Gianluca Viesti l’ha definita la “secessione dei ricchi”, attraverso un esplicito riferimento al fatto che in queste tre Regioni si concentra il 50% del PIL italiano, quindi l’attuazione della possibilità prevista dalla Costituzione provocherebbe una separazione de facto della Repubblica, non più unica e indivisibile, ma divisa in “mini-stati federali ricchi” e regioni povere.
Inoltre, attraverso una minor ripartizione delle risorse si verificherebbero una lezione ai principi di solidarietà (ex art. 2 Cost.) e di uguaglianza (ex art. 3 Cost.) provocando una differenziazione dell’erogazione dei servizi, poiché un cittadino che vive al Sud riceverebbe una prestazione inferiore rispetto ad uno del Nord; inoltre le mancate entrate derivanti dalle trattenute del gettito fiscale delle regioni “autonomiste”, farebbe si che gli amministratori per far fronte alle ulteriori mancanze economiche svendano i beni pubblici, arrecando un ulteriore danno alla cittadinanza.
Oltretutto, la procedura attualmente in esame vede, ex post, l’approvazione dei livelli essenziali di assistenza e non ante, come dovrebbe essere, visto che si tratta di determinare la qualità dell’erogazione dei servizi legati ai diritti fondamentali dell’individuo, come ad esempio la sanità, dove abbiamo visto che la ripartizione regionalista è fallita.
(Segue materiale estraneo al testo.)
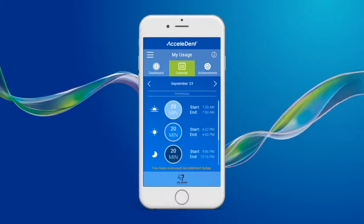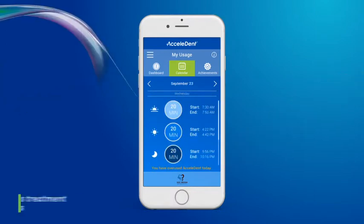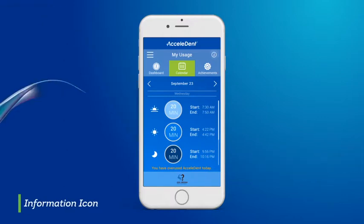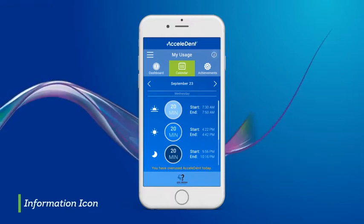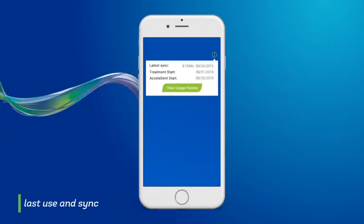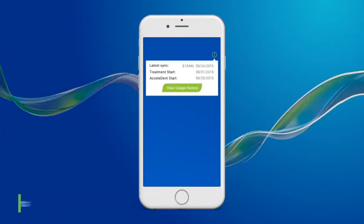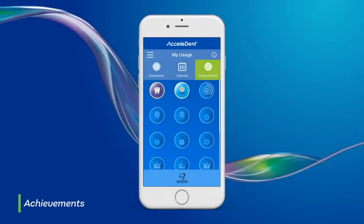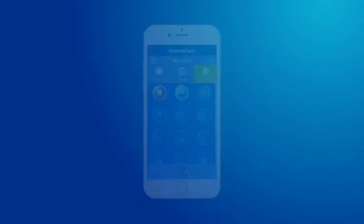You will also be able to tap through each day to see the times of your previous treatment sessions. The information icon located on each page can also be accessed quickly as a reminder of when your last use and sync with the Accelident app occurred. On the Achievements screen, you will see awards you have earned and the awards that are still waiting for you to unlock. After your Accelident activator is fully charged and the app is set up, you are ready to start your first treatment session.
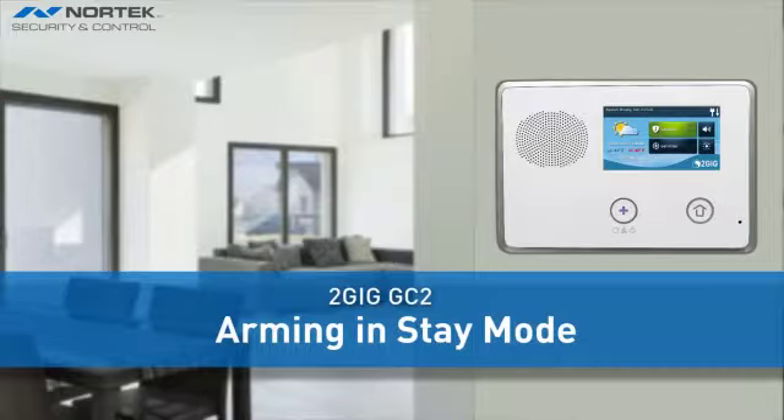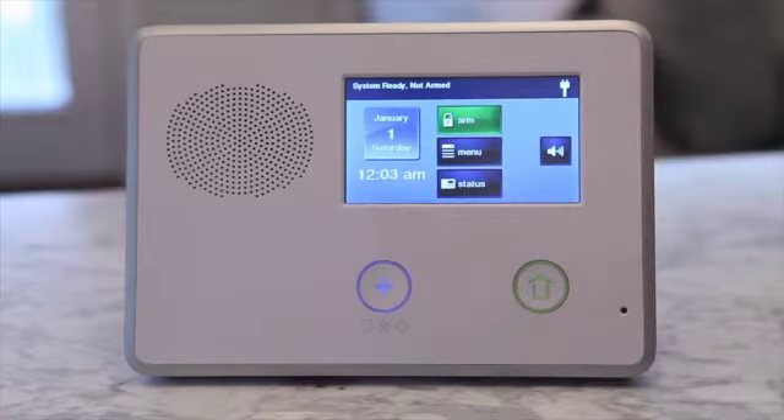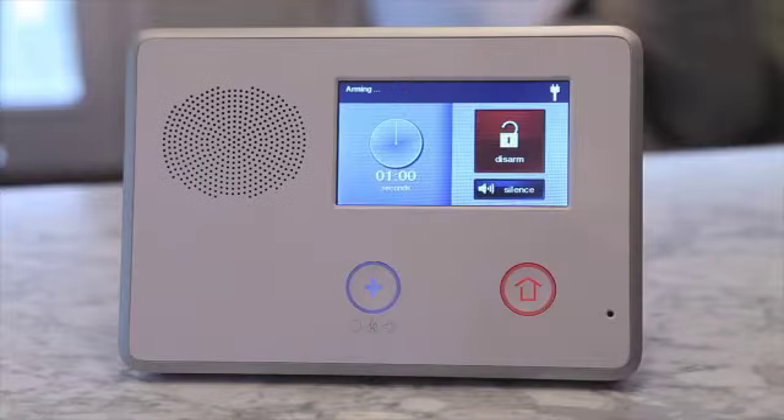If you want to be home and move freely through the home while the system is armed, or arm the system for the night, you will want to arm the system in stay mode. Stay mode allows you to be in the home and arm and protect the perimeter of your home, such as doors and windows, but does not activate your motion sensors.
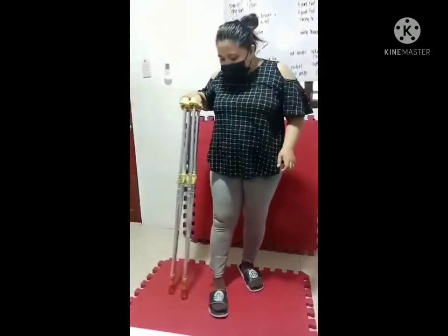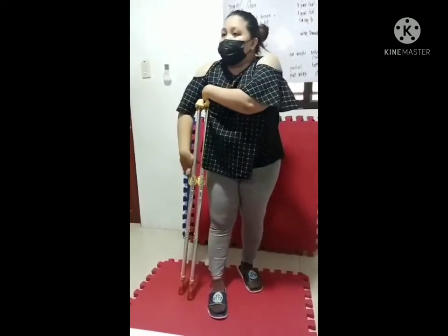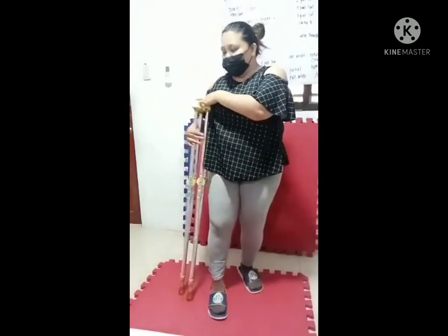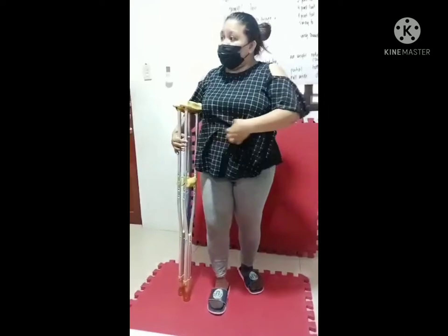The patient should be wearing shoes. Measure the axillary pad: three finger-breadths below the armpit to avoid nerve paralysis and nerve damage such as crutch palsy. We also need to apply a gait belt for support and to avoid falls.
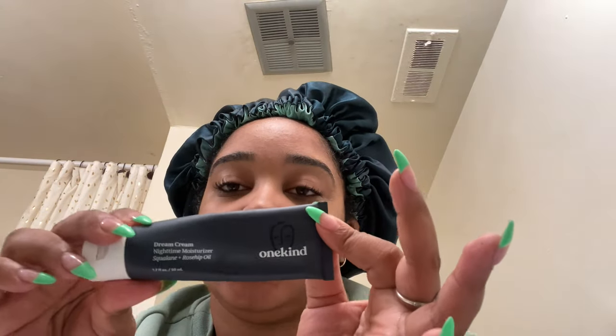I put a little on the cotton pad and work with gravity, not against it — pushing upward into the skin. It feels so great especially after a long day. Once my face is dry, this has become my new go-to: the One Kind Dream Cream. I'll definitely be getting more before our trip. Also, pay attention to expiration dates — that little container with a number means how many months you can use it. Don't put expired things on your face.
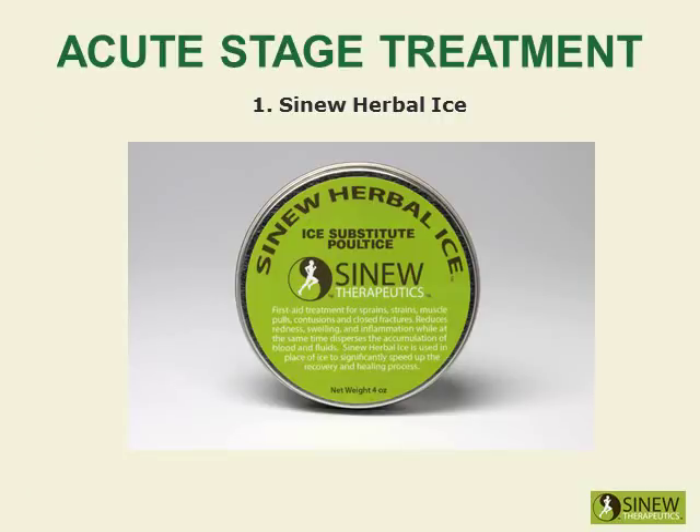Apply the sinew herbal ice on your knee to reduce redness, swelling, and inflammation while dispersing accumulated blood and fluids to help restore normal circulation to the knee. This first aid treatment is used in place of ice to significantly speed up the healing process. It reduces the swelling and inflammation more effectively than ice, allowing you to more quickly regain range of motion.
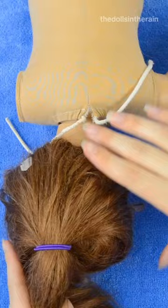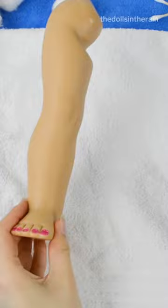The first thing I'm doing is taking off Felicity's head, and then I'm going to take off her limbs.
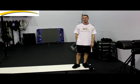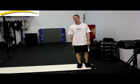Hi, this is Monty Tyone, a strength and conditioning specialist at the Wembley Athletic Club. Today we're going to go over hockey strides on the slide board.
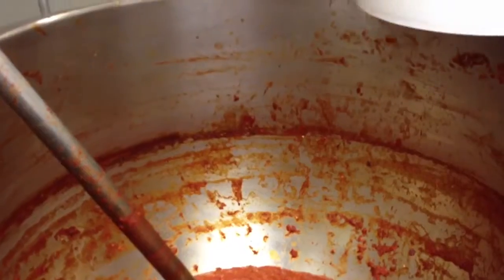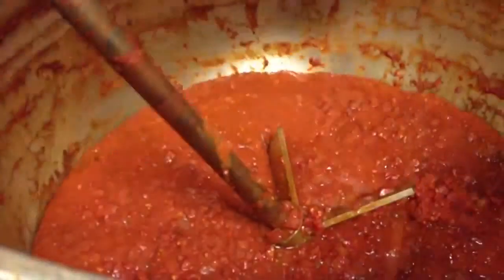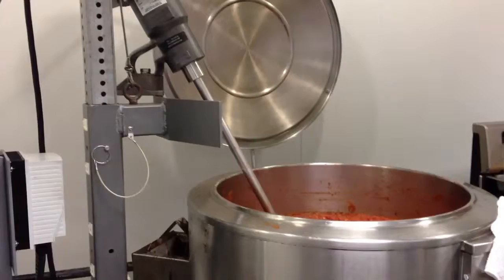I'll bring them into the kettle in here and we'll dump the tomatoes in. Then we'll put the dry ingredients, and then we add the jalapeños and the onions, and the garlic and the vinegar. And turn the kettle on and wait until it gets to 200 degrees, and then we can start jarring it.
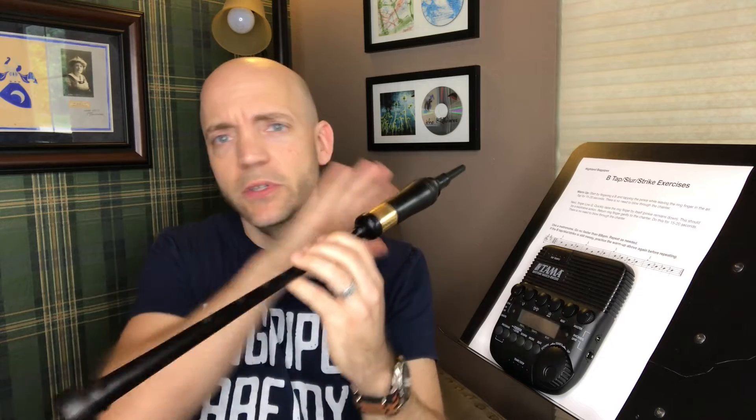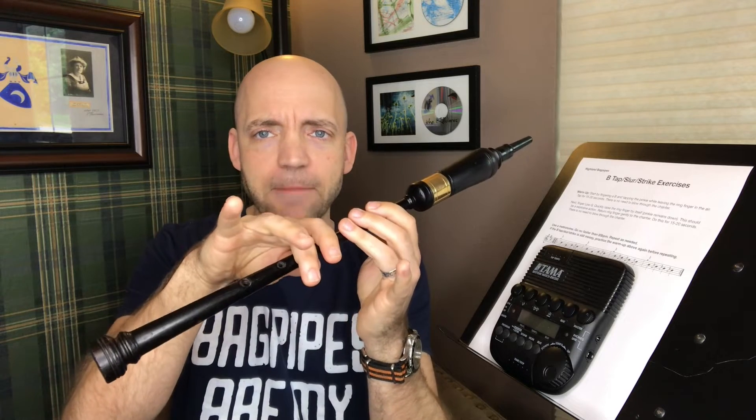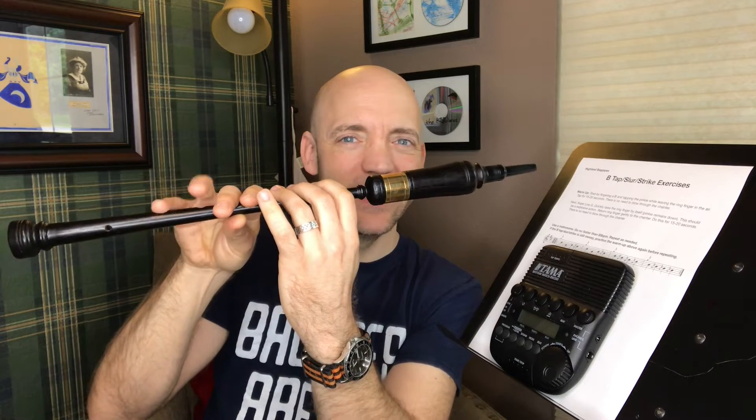So, the first thing I want to talk about is that I have a downloadable sheet right here. There's a link below to a PDF of this very form where I talk about everything we're about to do. Get your practice chanter out. We don't have to blow at all for this section. I want you to start by grabbing your practice chanter and finger a B, and now tap your pinky by itself. Leave that ring finger in the air. Tap it — a good little bit of force on that tap. You should hear it right by the mic. But make sure that ring finger stays up. Do that for 15-20 seconds.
Anziché avviare un federalismo mascherato, sarebbe ora di aprire un dibattito sull’utilità o meno delle Regioni, ridisegnando il Titolo V, inserendo di nuovo la clausola di salvaguardia nazionale e ricostituendo la Cassa Pubblica del Mezzogiorno, ma soprattutto approvando i LEP (livelli essenziali di prestazioni), cosicché nessun cittadino sarà lasciato mai più indietro.